Available data:

---*---

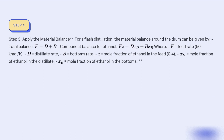Step 3: Apply the material balance for flash distillation. The material balance around the drum is given by the total balance: F = D + B, and the component balance for ethanol: Fz = D·xD + B·xB, where F is the feed rate (50 kmol/h), D is the distillate rate, B is the bottoms rate, z is the mole fraction of ethanol in the feed (0.4), xD is the mole fraction of ethanol in the distillate, and xB is the mole fraction of ethanol in the bottoms.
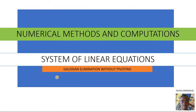Welcome to numerical methods and computations. My name is Akusa Imando, you can also call me Kumbolo. Today, under system of linear equations, we are going to look at Gaussian elimination without pivoting.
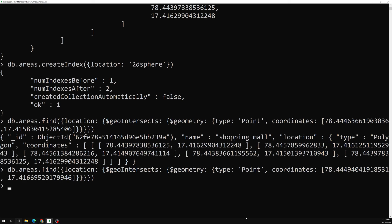This is how you check whether a point or polygon is available in a certain area — whether it is intersecting. If you want to check this, use `$geoIntersects`. Hope you understood. If you have any doubts or suggestions, please post comments below. If you like this video, please support me by subscribing to my channel. Thank you.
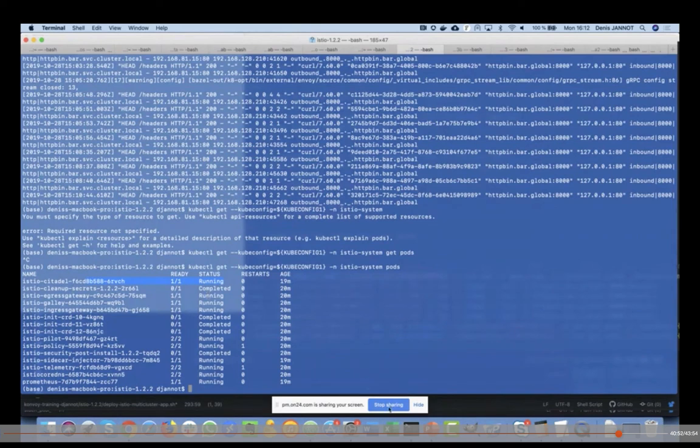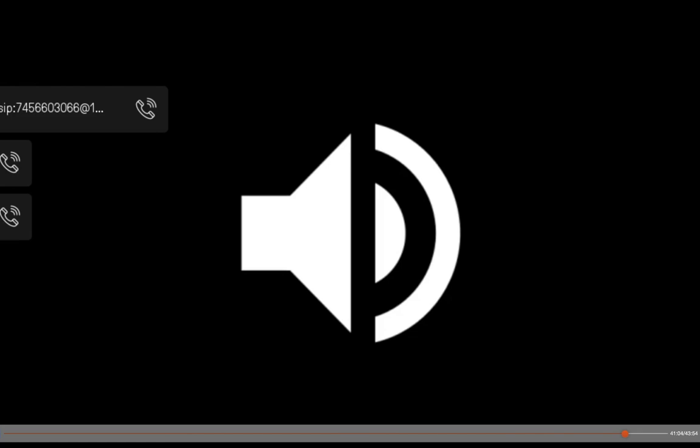The first question is: what Kubernetes platform did you use for the demo? So I covered that briefly, but I'm using Convoy, which is our Kubernetes platform from D2IQ, and I deployed it using another software called Commander, which allows us to deploy Kubernetes clusters easily in different clouds.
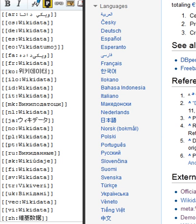Wikidata is a collaboratively edited knowledge base hosted by the Wikimedia Foundation. It is intended to provide a common source of data which can be used by Wikimedia projects such as Wikipedia, and by anyone else, under a public domain license. This is similar to the way Wikimedia Commons provides storage for media files and access to those files for all Wikimedia projects, and which are also freely available for reuse.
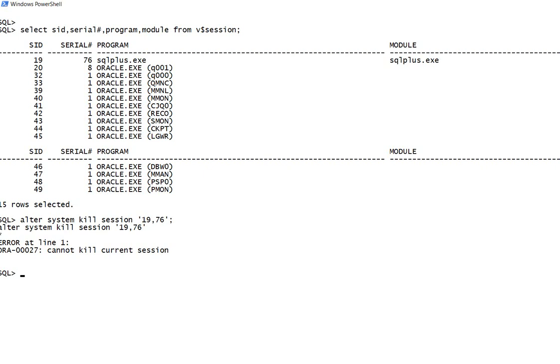Suppose if you have been given a task to kill all these sessions, there are around 15 sessions in the database, so it is hard to type 15 alter system kill session commands every time. In order to do that in a single shot, this is the way.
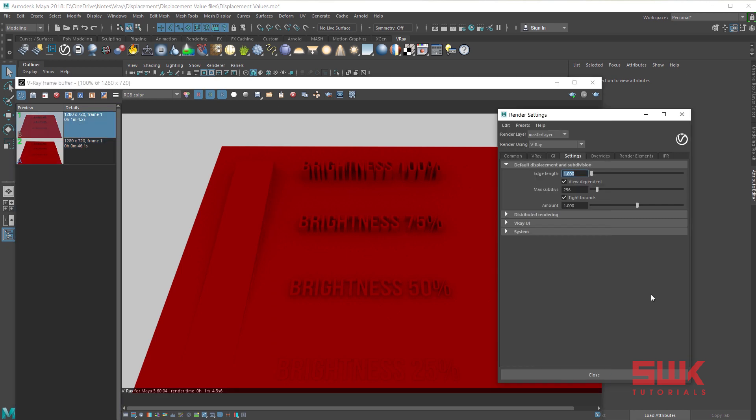Now question number 3: how to increase the height of displacement. Simply increase the amount value and render.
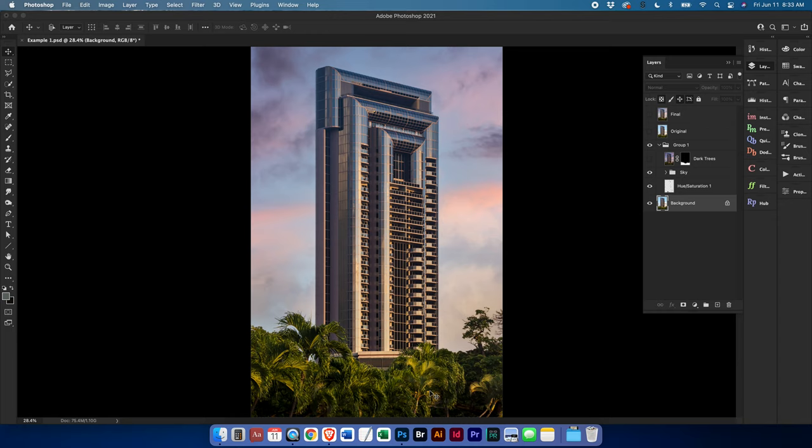And then last but not least because we have a bright area down here your eye might be drawn down to the trees. So we just darken those up a little bit to draw your eye back up to the building. So once again, before and after.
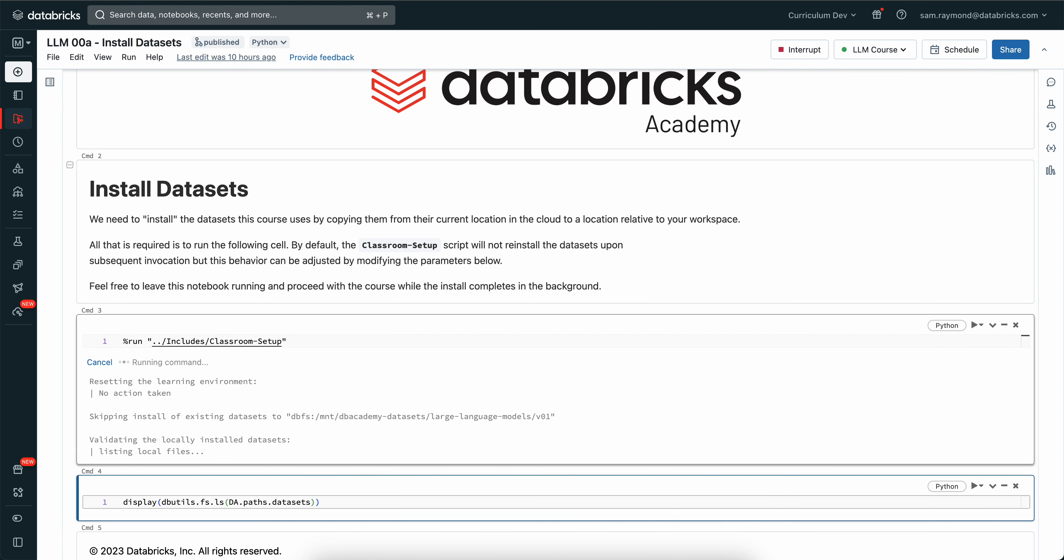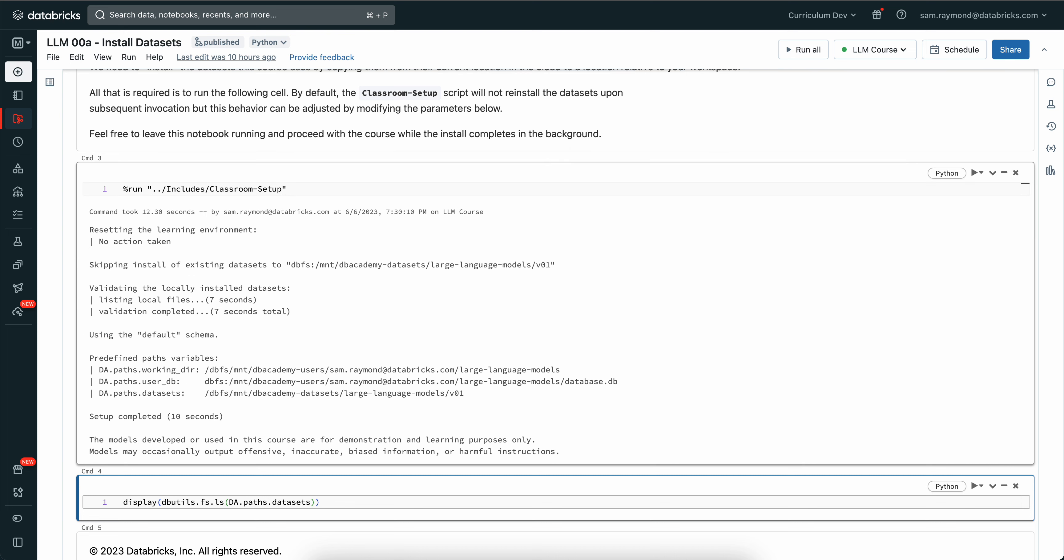Depending on your internet connections and the availability of the data, this may take up to about 20 minutes.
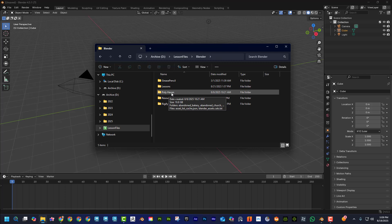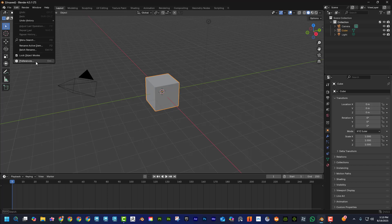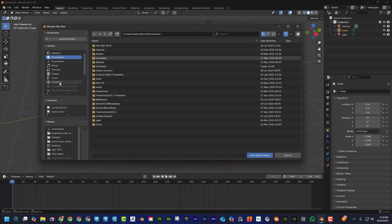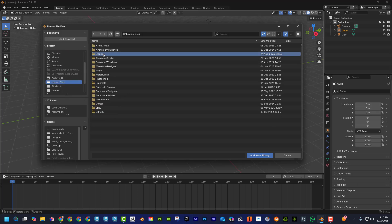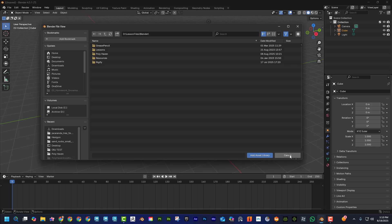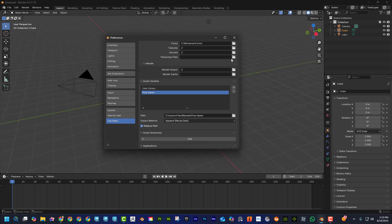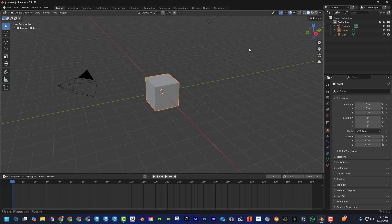If you had to download those one at a time it would take forever. By making that folder, go to Edit > Preferences, then down to File Paths, hit the plus sign, and find where you created that folder. Hit 'Add Asset Library' — now Blender knows that's where your Polyhaven library exists. That's where all the files will be stored as they transfer from the website to your computer.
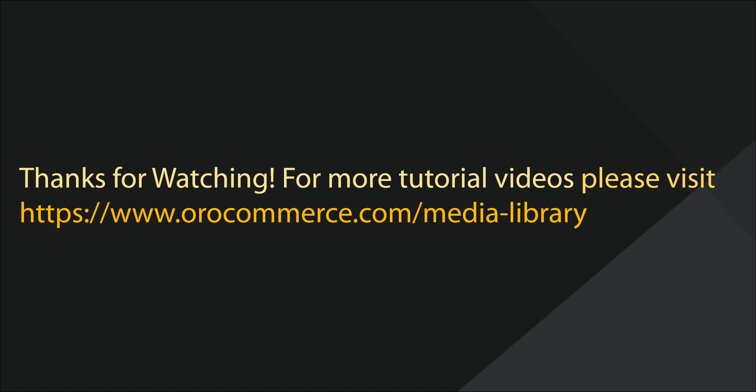For more video tutorials, please check out our website at www.orocommerce.com/media-library.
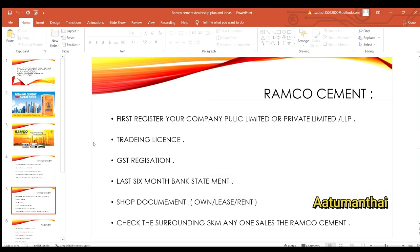This will help you. If you have a shop, a company, or a private limited, you can register for a trade license.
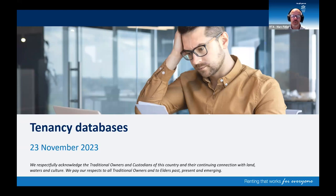Hello and welcome, and thanks for joining us for today's webinar on tenancy databases. My name is Mark Fidler and I'm a senior community education officer with the RTA.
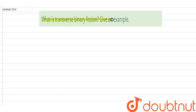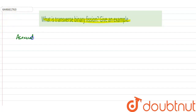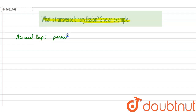The question here asks: what is transverse binary fission? Give an example. First of all, what is binary fission? It is an asexual type of reproduction, where the parent divides.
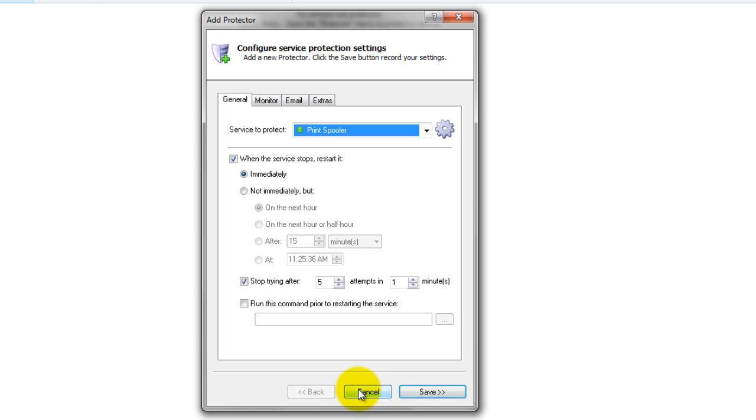Occasionally, jobs can get stuck in the queue, putting the brakes on all printing. If that is a concern, we recommend having Service Protector clear out the Print Queue folder of all .shd and .spl files whenever the service stops.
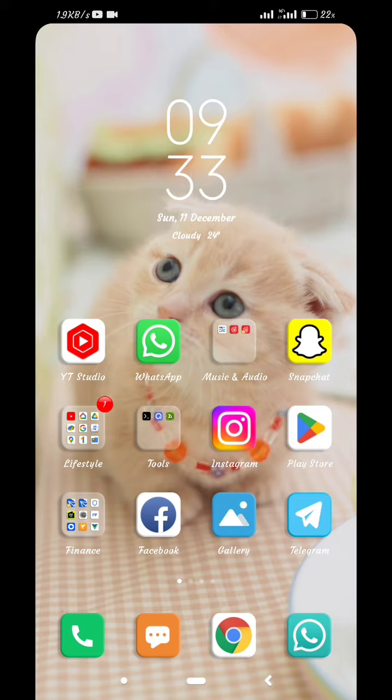Now we will open the Snapchat app. Now I will open the Snapchat app. Now there is a chat icon.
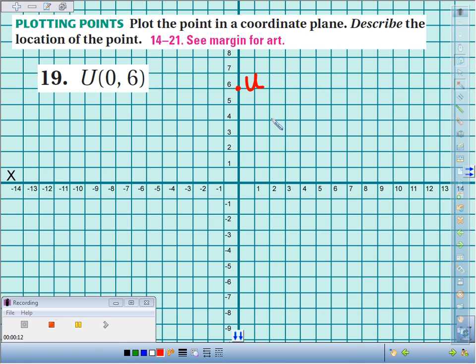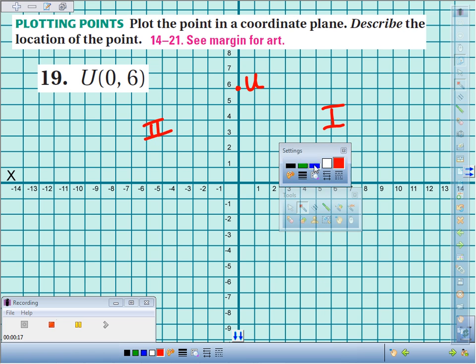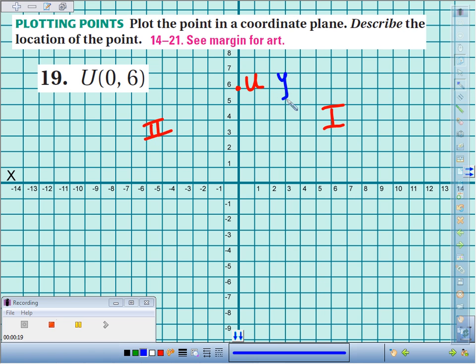It's not in a quadrant. It's between quadrants 1 and 2. So that boundary line, the vertical boundary line, is the y-axis. So the location of point U is the y-axis.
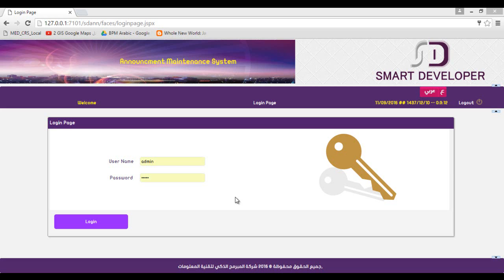The way Help Desk systems currently operate is like this: a user opens a ticket, then this ticket goes to a responsible department, and this department may transfer it until it is closed. But sometimes we need a maintenance company according to a maintenance contract, which means we need to send this ticket to an external company. Our system enables such a company to log into the system.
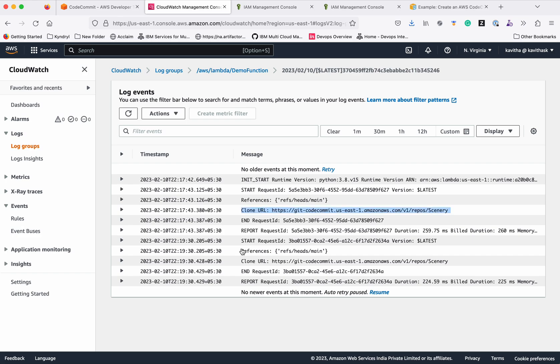In this demo, we have seen how to create an AWS CodeCommit trigger to trigger an AWS Lambda function. We created a Lambda function, we tested the Lambda function locally, and then we validated by pushing the changes to the CodeCommit main branch. Thanks for watching the demo.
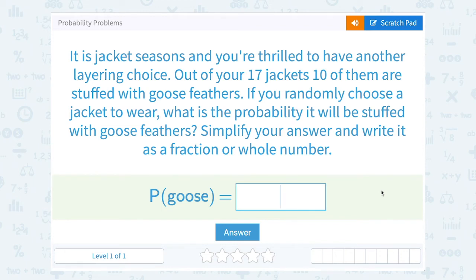Let's take a look at probability problems. It is jacket season and you're thrilled to have another layering choice. Out of your 17 jackets, 10 of them are stuffed with goose feathers. If you randomly choose a jacket to wear, what is the probability it will be stuffed with goose feathers? Simplify your answer and write it as a fraction or whole number.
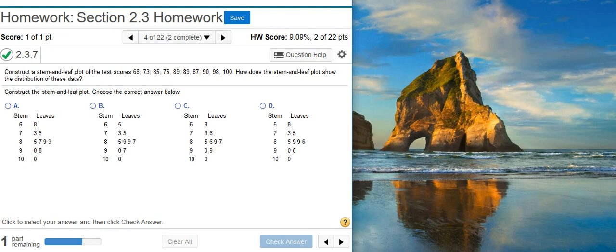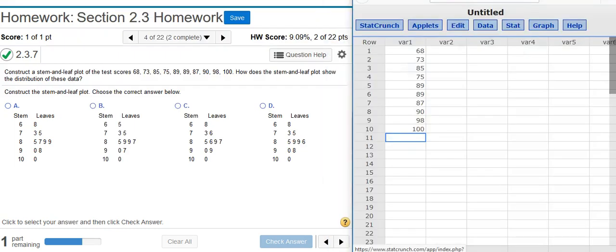Okay, we could go old-school and construct the stem and leaf plot from our data set by hand, but I'm going to use technology because I'm living in the 21st century where we have this wonderful technology that can do a lot of the heavy lifting for us. So that's what I'm going to do.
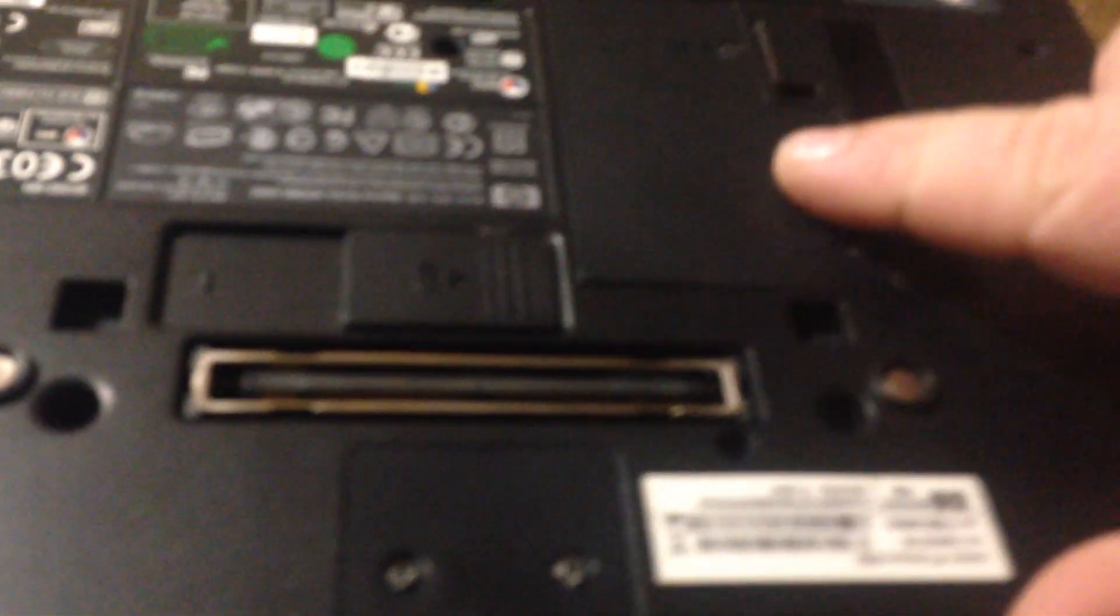I'll show you how to remove the memory in an HP Compaq NC4200. There's one memory stick under this door, so you're going to need a Phillips head screwdriver to take this door apart.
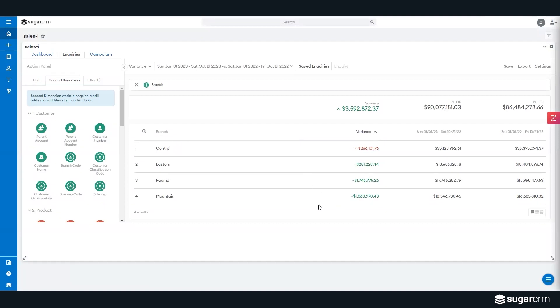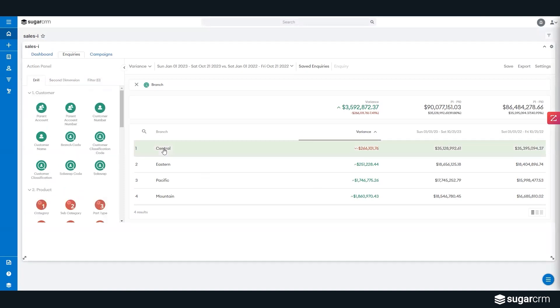But I can see that my central team is off by $266,000 year over year in that particular group. Maybe I want to now use central as my pivot point and push into different sales reps in that particular territory.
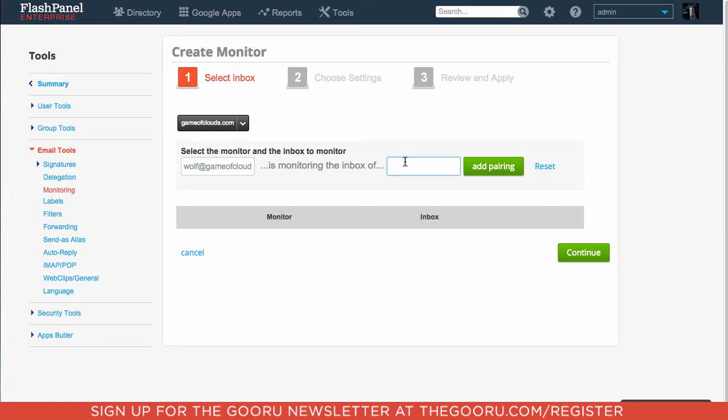And keep in mind, this is not retroactive, so you will not see past emails that they have sent and received. It only starts from this day moving forward.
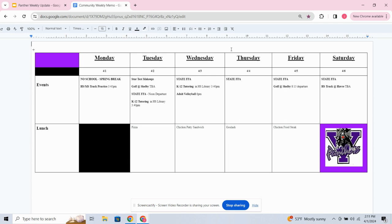Now for lunch this week, on Tuesday we've got pizza. On Wednesday, we've got chicken patty sandwiches. On Thursday, goulash. And on Friday, chicken fried steak.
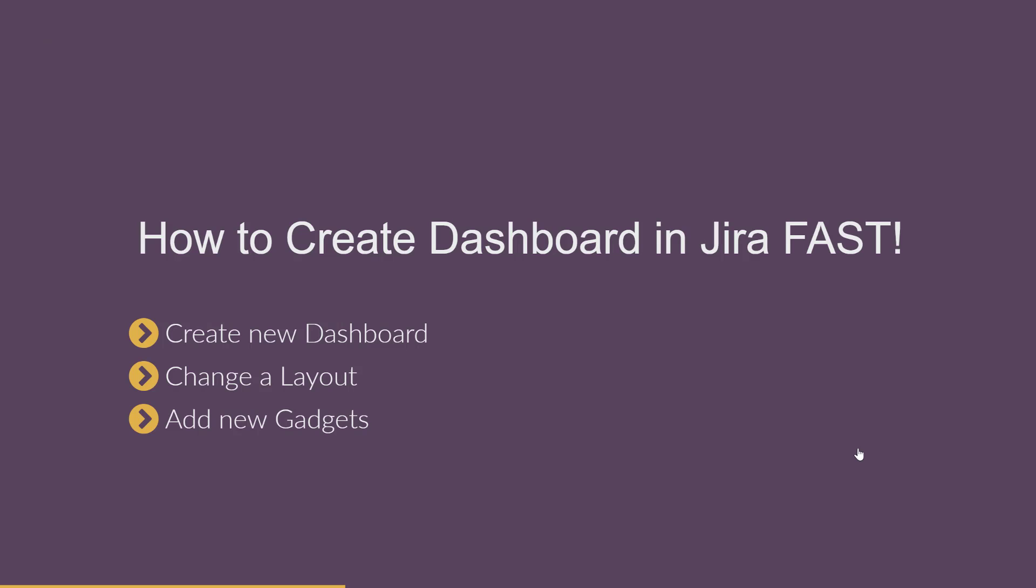Hi, it's Michael from JRtraining.com. Welcome to this another mini series video. In this video, I'm going to show you how to create dashboard in Jira fast, because this is really, really important. We're going to talk today about how to create a new dashboard, how to change the layout, and how to add gadgets.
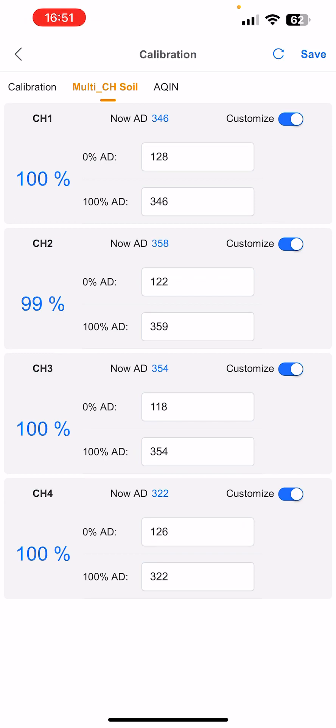That's what I did with all of these. It seems to work if you put all the sensors in the same pot, so you don't need to do them one at a time. Just stick all the soil sensors in a pot of dry soil. Then you change the 0% AD value to whatever it's showing at the time. You can see here it says Now AD, and that's what the sensor is currently outputting. So when it's in dry soil, you take that Now AD value and transfer it down into the 0% AD section and hit Save.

---*---

Aim of the exercise:
Using the entries above, repeat exactly the lines from the one with "The way Help" to the one with "And keep in", both included, and leave the pictures behind.

Exercise solution:
The way Help Desk systems currently operate is like this: a user opens a ticket, then this ticket goes to a responsible department, and this department may transfer it until it is closed. But sometimes we need a maintenance company according to a maintenance contract, which means we need to send this ticket to an external company. Our system enables such a company to log into the system.
In this demo, we have seen how to create an AWS CodeCommit trigger to trigger an AWS Lambda function. We created a Lambda function, we tested the Lambda function locally, and then we validated by pushing the changes to the CodeCommit main branch. Thanks for watching the demo.
Let's take a look at probability problems. It is jacket season and you're thrilled to have another layering choice. Out of your 17 jackets, 10 of them are stuffed with goose feathers. If you randomly choose a jacket to wear, what is the probability it will be stuffed with goose feathers? Simplify your answer and write it as a fraction or whole number.
Okay, we could go old-school and construct the stem and leaf plot from our data set by hand, but I'm going to use technology because I'm living in the 21st century where we have this wonderful technology that can do a lot of the heavy lifting for us. So that's what I'm going to do.
I'll show you how to remove the memory in an HP Compaq NC4200. There's one memory stick under this door, so you're going to need a Phillips head screwdriver to take this door apart.
But I can see that my central team is off by $266,000 year over year in that particular group. Maybe I want to now use central as my pivot point and push into different sales reps in that particular territory.
And keep in mind, this is not retroactive, so you will not see past emails that they have sent and received. It only starts from this day moving forward.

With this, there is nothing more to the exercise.